Wonderful point! The only defect in the reasoning is that the same moral cowards that now wish us to make nice with the murderers of New York, Washington, D.C. and Pennsylvania would show the same lack of resolve in dealing with an Iranian nuclear weapon that hit, say, Houston. The progression goes roughly as follows: “Those *&^%$#@ murdering scum, let’s crater them!” Then comes the Ted Kennedy take: “Look, we are not absolutely positive this terrible weapon came from Iran so let’s have a big congressional investigation.” Then the Jimmy Carter/ Cindy Sheehan faction weighs in: “America is a wicked place filled with evil intent and evil people. It is America’s despicable conduct towards poor, innocent Muslims that caused this disaster. Plus, its only Houston which is filled with Republicans! Why go to war over them?”

A year later. Houston still glows, a ghost town with 3 million dead. The Speaker of the House, Ms. Pelosi and Senate President Mr. Reid are on their third trip to Iran trying to get the Iranians to accept $30,000,000 in payment for the cost of the bomb they used and to agree to demand the US President and Vice President’s extradition to Iran to be beheaded for insults to Allah. Al Gore appears on the nightly news and says: “If we have to give up the Republican President, we should gladly do so. After all think of what one more nuclear explosion would do to the environment.”
Jay W. Molyneaux
Wellington, Florida

THERE WERE LIMITS
Re: Andrew Cline’s Finally Term Limited:

While I am generally in favor of term limits — and it is certainly true that had limits been put in place in the 1990s, the Republicans might not have had to deal with so many scandals leading up to this election — Mr. Cline’s claim that the GOP “chose to stay put rather than to step down” isn’t really fair.
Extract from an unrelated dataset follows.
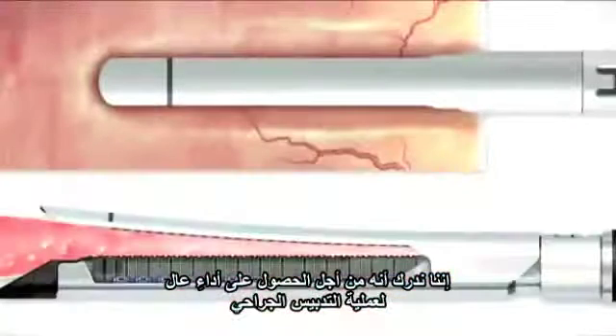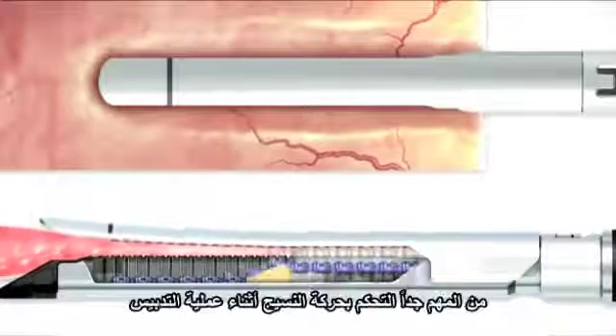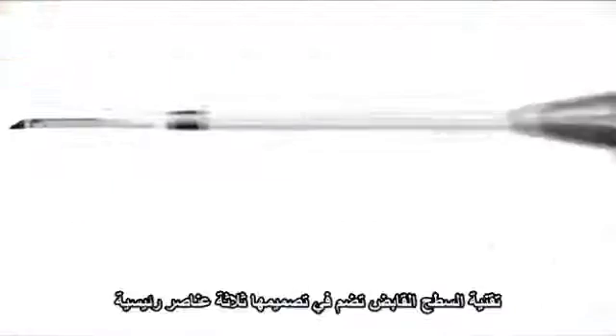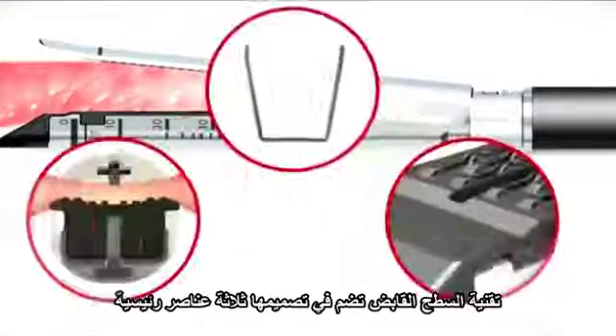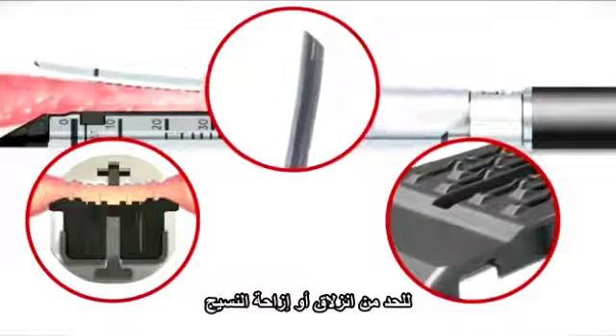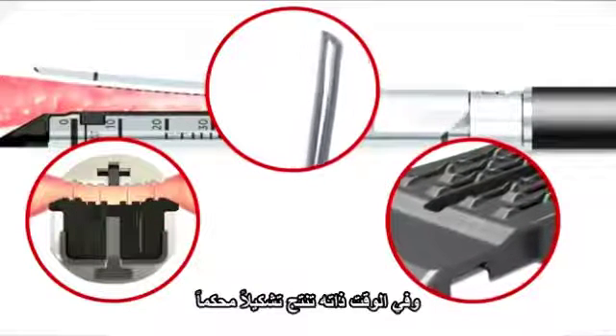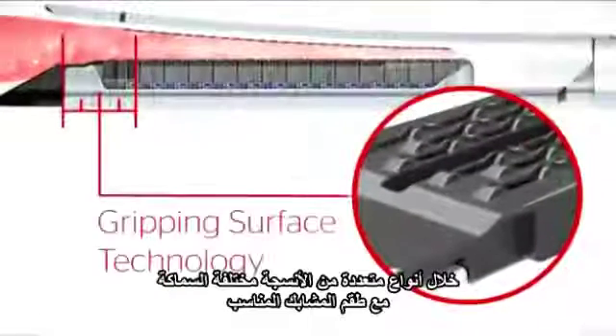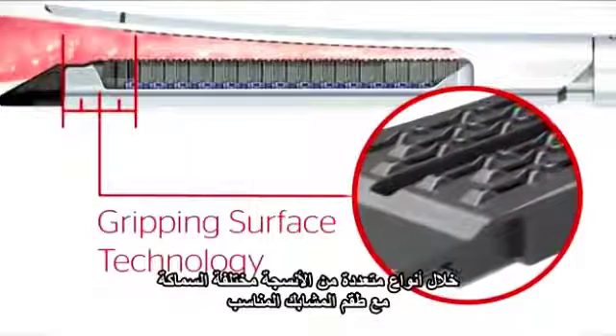We recognize that for optimal stapling performance, it is critical to control the movement of tissue during the stapling process. This GST system incorporates three major design elements to reduce tissue slippage or movement while delivering reliable staple formation and precise tissue transection across a broad range of tissue thicknesses with each reload.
Under Speaker Gingrich and against serious resistance from the Democrats (and the scorn of most mainstream news outlets), the House GOP did vote on a constitutional term limits amendment on the House floor on March 29, 1995. The vote was 227-204, with 40 Republicans joining 163 Democrats in opposing the limits. It was backed by 189 Republicans and only 38 Democrats. In other words a Republican-led majority voted for it but because it lacked the two-thirds majority a constitution amendment requires, it failed.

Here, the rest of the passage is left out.